Garth and Maud Hudson
Magic Keyboard Tour 2004
by Ross W. MuirFree Press Special
Photographs and article copyright © 2004 Ross W. Muir (Midland Free Press).
It's an illusion that Garth Hudson has big hands. Listening to the legendary rocker -- who anchored The Band's keyboard section for more than 30 years -- perform, you would expect massive palms and prodigious digits. But they're not, really. They are extremely talented, though, and provided the small but appreciative crowd who came out to see him play at the Inn at Bay Moorings in Penetanguishene with the same sweetlicks they remember from such classics as Music From Big Pink or The Last Waltz, copies of which many brought to have autographed.

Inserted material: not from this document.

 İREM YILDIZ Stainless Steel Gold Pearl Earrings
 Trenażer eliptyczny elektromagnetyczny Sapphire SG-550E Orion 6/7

The show at the Inn was the first of four nights Garth and his wife, Maud Hudson, and their band played in Simcoe County as part of their Magic Keyboard Tour. The tour was arranged by Peter's Players, which first brought the Hudsons north from their home in Woodstock, N.Y., last year for a show in Barrie.

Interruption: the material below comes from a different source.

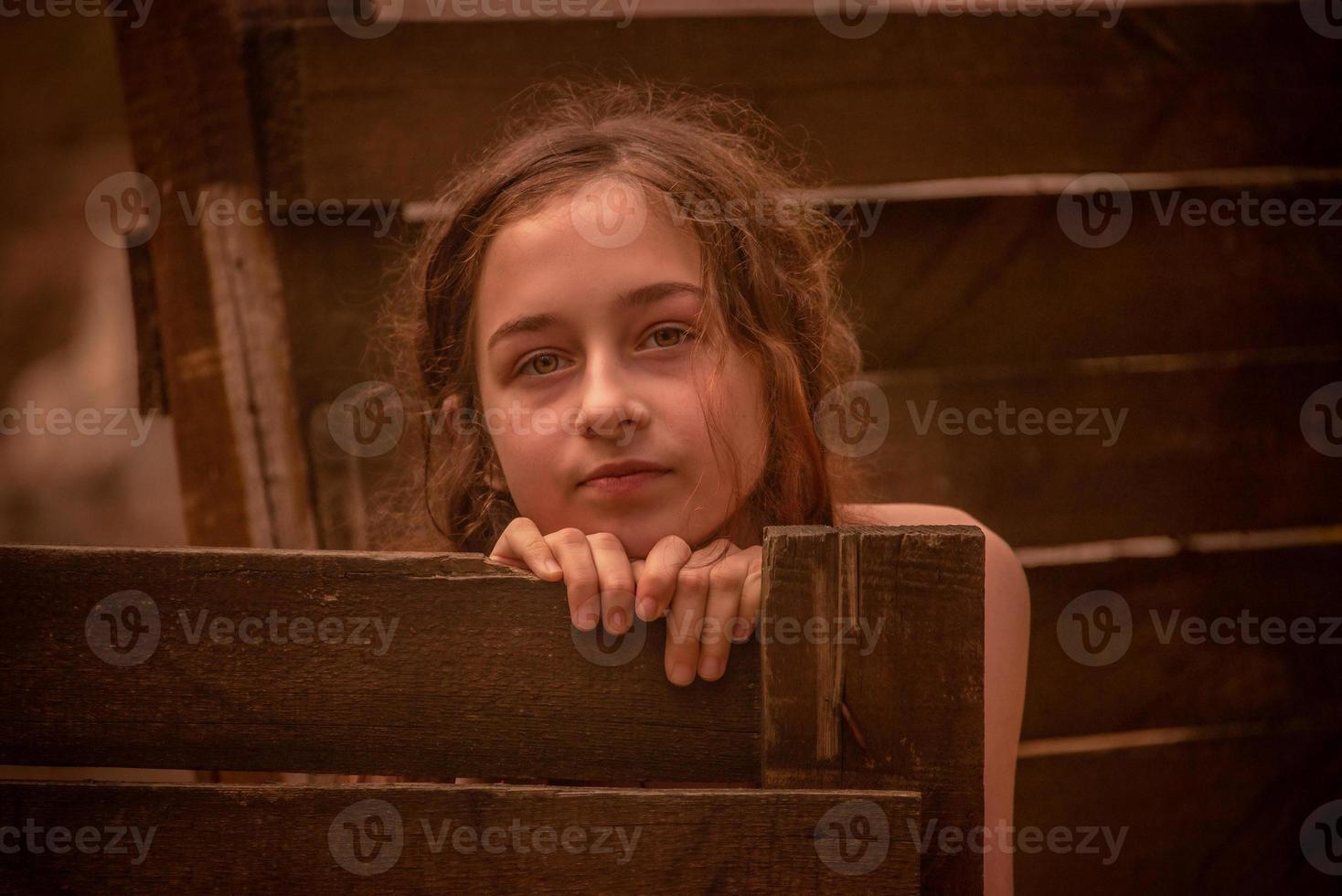 Teen girl portrait. Girl 10 or 11 years old on a summer day. photo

"I spied this room a few months ago, and began working with the new management," Peter Swanek said in introducing last Wednesday's show. He hopes to bring other roots, blues and jazz acts to the Inn in the coming months, as part of his widening list of Simcoe County venues.

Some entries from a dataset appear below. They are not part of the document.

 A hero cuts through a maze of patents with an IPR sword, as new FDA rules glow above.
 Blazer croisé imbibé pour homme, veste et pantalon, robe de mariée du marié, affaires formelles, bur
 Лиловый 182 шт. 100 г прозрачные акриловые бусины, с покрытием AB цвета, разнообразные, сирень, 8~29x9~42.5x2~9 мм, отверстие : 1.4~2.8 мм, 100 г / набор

Accompanied by Michael Sloski of Utopia on drums and Vancouver guitarist Paul Rigby -- who flew down to southern California two weeks ago to hang out with Garth and country rockers Burrito Deluxe (which includes Sneaky Pete Kleinow, a founding member of the original 1970s Flying Burrito Brothers), the four provided a truly "magic keyboard" evening.
While technically a paid performance, it felt more like a house party that the Hudsons had thrown -- and we were the invited guests. The requisite Band tunes were played (with Maud handling the vocals), including "The Weight," "It Makes No Difference" (sung in memory of the late Band member Rick Danko), and "The Shape I'm In." But Garth and Maud's repertoire -- spiced with homey banter and poetry in between songs -- included blues, rock, jazz and gospel, polkas, waltzes and oberecks, as well as classical, all of which Garth is equally adept at playing.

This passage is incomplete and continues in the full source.